And even with all this knowledge, there is still a need to educate people responsible for the building water systems about the risks associated with Legionella bacteria; teach design professionals how to design systems; and teach building owners/operators and maintenance personnel how to operate and maintain systems to minimize the risk of Legionella bacteria.

We know how to manage building water systems to prevent Legionella bacteria growth, yet we do not mandate education and training or certification for people responsible for design, inspection, operation and maintenance of these systems.

Resources

For many years, there have been a variety of resources available on Legionnaires’ disease, including, but not limited to:

  • The Centers for Disease Control (CDC);
  • The Occupational Safety & Health Administration (OSHA);
  • The World Health Organization (WHO); and
  • ASHRAE in its Guideline 12, first published in 2000.

These, and many other international documents, have provided guidance on how to control the growth of Legionella bacteria in building water systems. As a member of the ASHRAE 188 and Guideline 12 committees, I have been intimately involved in helping develop the new ASHRAE 188 standard, ASHRAE Standard 188 - Legionellosis: Control of Risk Associated with Building Water Systems, and the soon to be published ASHRAE Guideline 12, which is in the final stages. The 188 standard covers how to manage risks associated with building water systems; how to establish a water management team; and how to establish a water management program for control of various risk factors associated with Legionella bacteria growth.
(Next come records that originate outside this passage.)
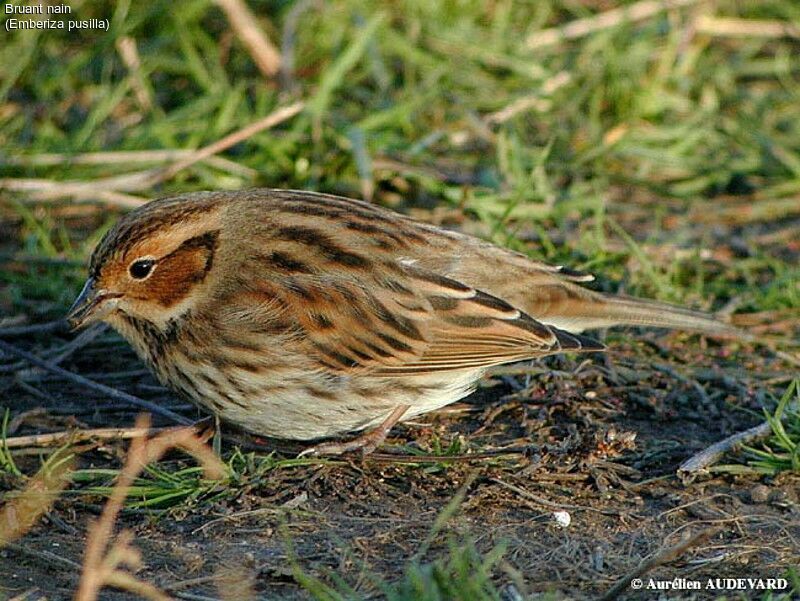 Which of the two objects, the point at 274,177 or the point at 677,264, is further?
the point at 274,177

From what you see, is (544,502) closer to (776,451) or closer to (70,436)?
(776,451)

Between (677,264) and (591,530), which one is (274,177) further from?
(591,530)

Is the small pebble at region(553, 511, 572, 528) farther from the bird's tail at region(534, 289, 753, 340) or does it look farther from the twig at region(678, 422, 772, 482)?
the bird's tail at region(534, 289, 753, 340)

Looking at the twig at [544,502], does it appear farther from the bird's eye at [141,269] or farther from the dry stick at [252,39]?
the dry stick at [252,39]

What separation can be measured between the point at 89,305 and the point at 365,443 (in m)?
1.21

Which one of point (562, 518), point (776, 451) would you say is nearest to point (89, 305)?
point (562, 518)

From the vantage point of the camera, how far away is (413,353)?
5113 millimetres

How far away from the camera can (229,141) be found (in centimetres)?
692

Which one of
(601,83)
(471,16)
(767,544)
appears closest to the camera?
(767,544)

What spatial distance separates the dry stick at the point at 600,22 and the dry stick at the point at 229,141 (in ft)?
8.01

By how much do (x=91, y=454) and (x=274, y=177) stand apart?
2.58 metres

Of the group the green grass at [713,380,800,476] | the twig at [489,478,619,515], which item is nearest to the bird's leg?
the twig at [489,478,619,515]


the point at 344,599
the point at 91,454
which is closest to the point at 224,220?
the point at 91,454

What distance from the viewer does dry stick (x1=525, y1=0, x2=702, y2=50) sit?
8.76 meters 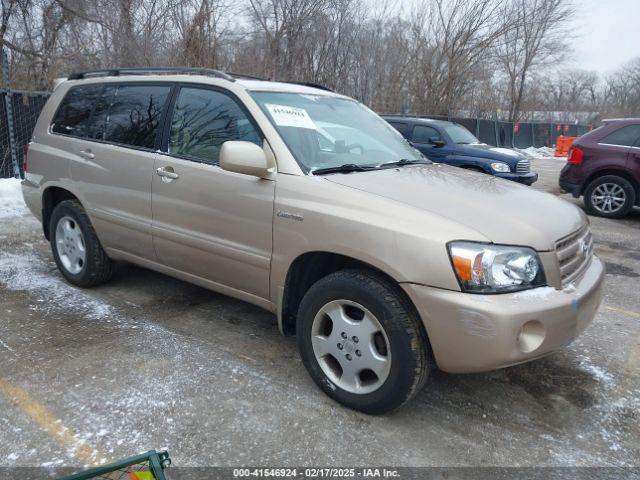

ASHRAE 188-2015 includes the development of a comprehensive program that involves the following steps:

  • Program Team: Establish a program team responsible for evaluating the building water systems and developing and implementing a monitoring and maintenance program to minimize the risk of contamination.
  • Water System Description: Requires a complete description, with system schematics and process flow diagrams, of all potable and non-potable water systems within the building.
  • Evaluation of Hazards: Analyze the water systems to determine where conditions susceptible to Legionella may occur and where control measures may be effectively applied.
  • Control Measures: Establish locations for application of control measures to maintain systems within the control limits determined by the program team.
  • Monitoring and Corrective Action Plan: The program team will develop methods for monitoring the systems to determine if the control measures are effectively maintaining the system within the control limits and take corrective action when necessary to maintain system within those limits.
  • Confirmation/Validation: Develop a system to monitor the program to ensure implementation and to validate effectiveness.
  • Documentation: Develop a documentation system to monitor compliance with the program to confirm communication and accountability.

Code changes needed

Three years ago, I proposed a code change to adopt the ASHRAE 188 standard in the Plumbing Code for the design of building water systems. That code change was met with resistance from a host of lobbyists at the code hearings who stated the standard would cost them money to implement. They felt it would have been too much of an inconvenience with respect to their responsibilities and costs. Building owners historically have opposed additional safety regulations that add costs.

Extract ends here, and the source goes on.